7. The cell cycle has several checkpoints to keep cells healthy and controlled in number. “Proofreading” enzymes check for misread DNA, clip out the wrongly substituted base, and glue in the correct base - when all is performing well. And to prevent over multiplication of an original cell, chromosomes have end-caps called telomeres. These are repetitive sequences of the 6 base DNA code TTAGGG. Each time a cell divides, it normally loses part of the telomere end-cap. This acts as a sort of “biological clock”. Eventually, the end-cap is so short, the cell will no longer divide and natural cell death (apoptosis) occurs. However, some cells that need to continually divide, like sperm cells, can keep their telomeres long. A special reverse transcriptase enzyme called telomerase reads the RNA sequence AAUCCC to continually add more to the telomeres. In addition, most cells exhibit contact inhibition. For example, when a cut destroys some skin cells, new skin cells fill the area but sense when to stop dividing when they touch other healthy skin cells. Unfortunately, if something interferes with this process, tumors can develop. Tumors that do not spread to other areas are called benign.
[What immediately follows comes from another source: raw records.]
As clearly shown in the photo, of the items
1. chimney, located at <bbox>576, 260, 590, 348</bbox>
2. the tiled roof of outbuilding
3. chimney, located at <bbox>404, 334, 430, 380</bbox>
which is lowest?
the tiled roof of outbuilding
8. When cell growth is unchecked, tumors form. Benign tumors usually are not life threatening unless they grow very large and put pressure on other organs, stopping them from functioning correctly. However, benign tumors sometimes convert to malignant tumors. This is when some of the unchecked, dividing cells break off and are transported to other parts of the body where they start reproducing out of control. The cause of these cancers is not always known. Viruses and environmental chemicals that enter the nuclear area of normal cells can disrupt and damage the DNA. This can cause loss of reproductive control. Maintaining a healthy liver and kidneys can help remove environmental toxins from the body before they do damage. In Europe, milk thistle (silymarin) has been used to help the liver regenerate and repair itself so that it can detoxify harmful chemicals effectively. The herb called gravel root is often used for kidney health. Healthy cell membranes (omega-3 fatty acids from salmon, flaxseed, etc, vitamin E, and more) can help resist viral entry into the cell. And, certain herbs and pharmaceutical drugs block the specific receptor sites in cell membranes where certain viruses need to dock. (Exs. Melissa officianalis, aka Lemon Balm, blocks the entry point for herpes viruses that cause cold sores, shingles, mononucleosis, etc. Elderberry, Sambucus nigra, blocks the respiratory flu virus.) And, vitamin & mineral deficiencies leave us at higher risk for cancer.

9. Oncogenes can also cause cancer. These are genes that are normally supposed to stimulate cell reproduction for growth and repair but are now out of control so they don’t turn off when they should. Or, tumor suppressor genes which normally stop the cell from dividing can be turned off when they should be on. A non-functioning p53 gene is often the cause here, but there are other genes that also can be to blame. Remember, certain nutrients reduce the risk of getting cancer in the first place. Zinc is necessary for normal cell apoptosis. Selenium seems to prevent many cancers. In fact, zinc and selenium seem to be very effective at reducing the risk of prostate cancer. Calcium appears to reduce the risk of colon cancer. And, remember, cancer cells have 24 times more glucose receptors than normal cells! Sugars/carbohydrates feed cancer! Vitamin C can be absorbed by cancer cells to help kill them if sugar is kept very low and vitamin C is kept very high in the diet. Some nutritionally oriented medical practitioners will use vitamin C intravenously to get it high enough to help without causing diarrhea or stomach upset.